North American multinationals in the second quarter suffered the highest negative impact due to currency volatility since the fourth quarter of 2012, according to FiREapps.
The consulting firm reported that the average negative impact per company was $177 million, with 170 companies reporting negative currency impacts, and the average earnings-per-share impact was negative 3 cents. In the first quarter, the average negative impact per North American company was $166 million.
For European companies, the average per-company negative impact was $110 million.

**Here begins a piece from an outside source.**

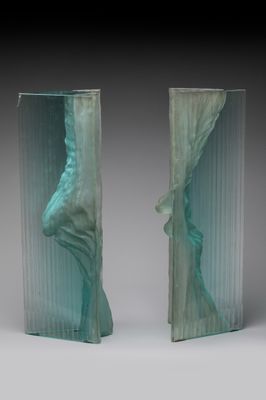 pair of art deco bookends of a woman ' s head and a man ' s head
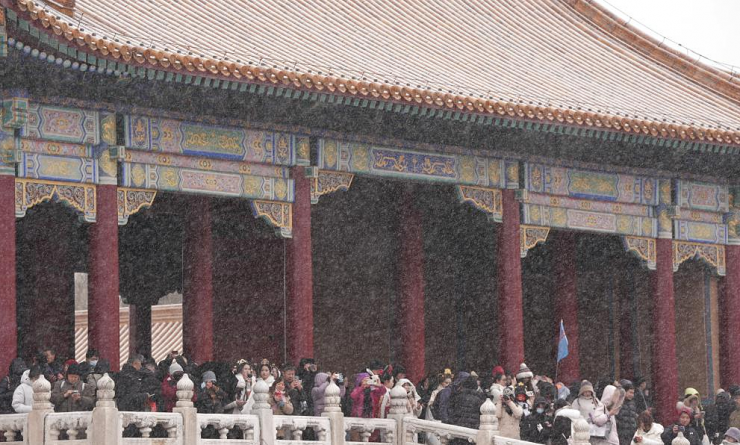 Du khách mặc trang phục cổ trang chụp ảnh trong Tử Cấm Thành phủ tuyết.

The total negative currency impact in the second quarter was $19.49 billion — $16.95 billion in North America and $2.54 billion in Europe.
The data appear to confirm that businesses are struggling to adapt to global currency shifts and devaluations.
“Where volatility during the euro crisis was largely contained to the euro zone, today it is everywhere: in Asia, the Japanese yen, the Vietnamese dong, and the Chinese yuan; in Europe, the Russian ruble, Swiss franc, and the euro; in Latin America, the Brazilian real and Venezuelan bolivar,” FiREapps said.
“Corporates can’t know where volatility will spike next, and as a result, those corporates that don’t manage currency risk across all currency pairs are sustaining elevated negative impacts quarter after quarter,” the firm added.
The drag should continue in the third quarter, with China’s currency devaluation last month likely to weigh down multinationals’ financial results.
The Wall Street Journal cited Kimberly-Clark’s problems with weakening foreign currencies — in the second quarter, the multinational’s U.S. dollar sales were cut by about 10% and operating profit was reduced by $80 million. Results were hurt both by currency-translation costs that occur when it reports foreign results in dollars, and currency-transaction losses, which hurt sales.
Jerome Peribere, chief executive of Bubble Wrap maker Sealed Air, told investors last week that currency devaluations, particularly of the Turkish lira, Brazilian real, and Russian ruble, are expected to lower full-year sales by about $800 million.
“A dollar of profit in emerging countries last year is about 75 cents this year,” Peribere said.